Choosing to be together means knowing and trusting, when to be humble enough to ask for saving…and when to be strong enough to do it.  It’s not mutually exclusive.  We both need it.  We will both provide it at different points and at different times.

Besides, the idea of a fairytale is so singular.  Life is so much more complex. It’s a myriad of stories; comedies, fairytales, tragedies and dramas.  I want to have them all with you.  We will be the wind beneath each others wings and we will face life, holding hands, side by side.

And, I want you to know that I will not be marrying my best friend as many of the sappy sayings go.  I already have best friends, great woman who I am lucky enough to have by my side. Besides, "Best friend” is only a small piece of what we are.  You’re so much more than that…you are my partner, my sounding board, my rock, my home.  

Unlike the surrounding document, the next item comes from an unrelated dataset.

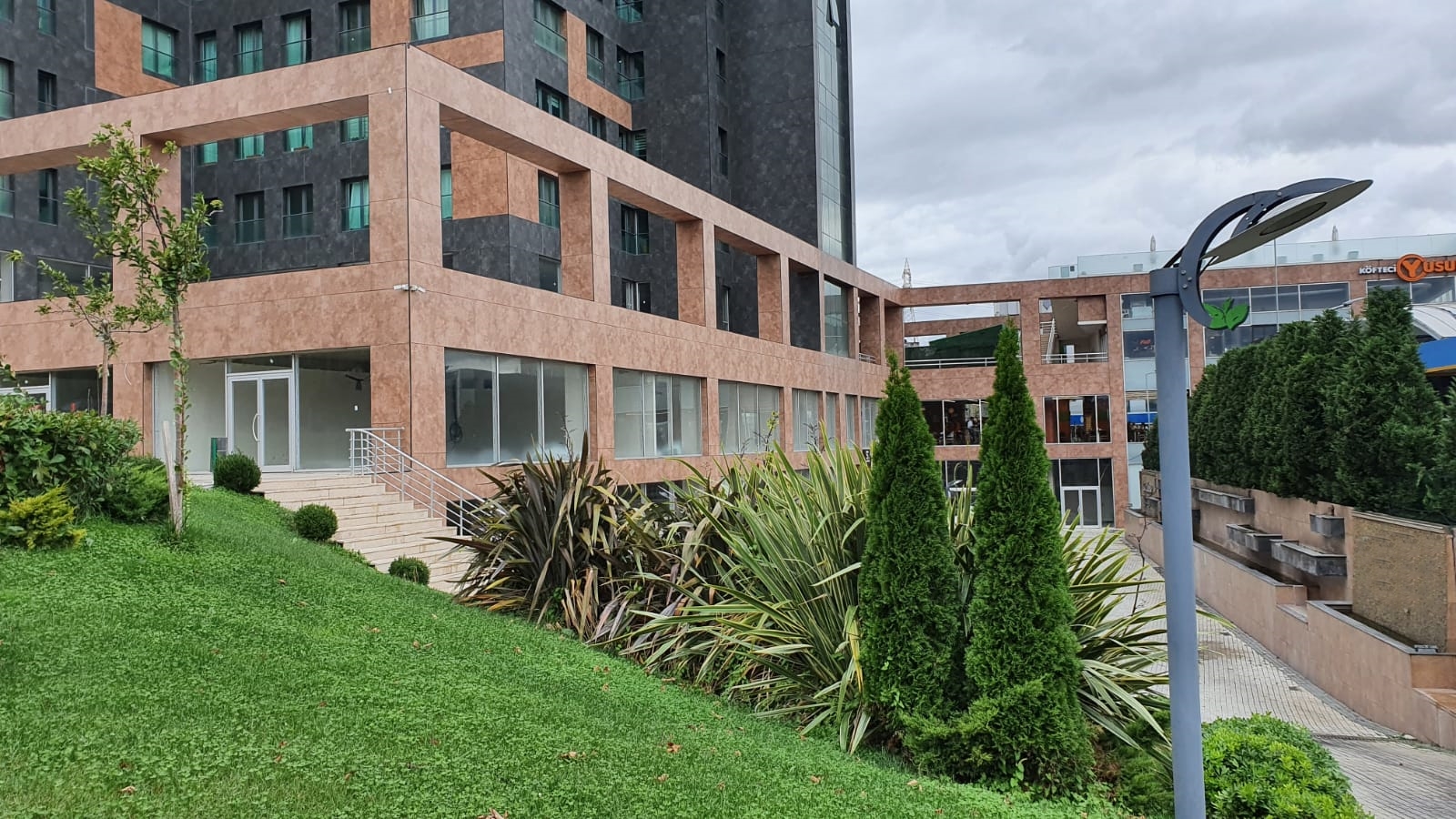 	 Modern Istanbul Apartments - Landscape Areas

We do not need each other, we choose each other.  It’s not that I am so dependent that I feel compelled to say, “I couldn’t live without out.”  I just don’t ever want to.  Having you in my life has shown me joy that I didn’t know existed and I don’t ever want to be without that.

So, I choose you and I want to be with you, every day, for the rest of our days. For I have found the one whom my soul loves.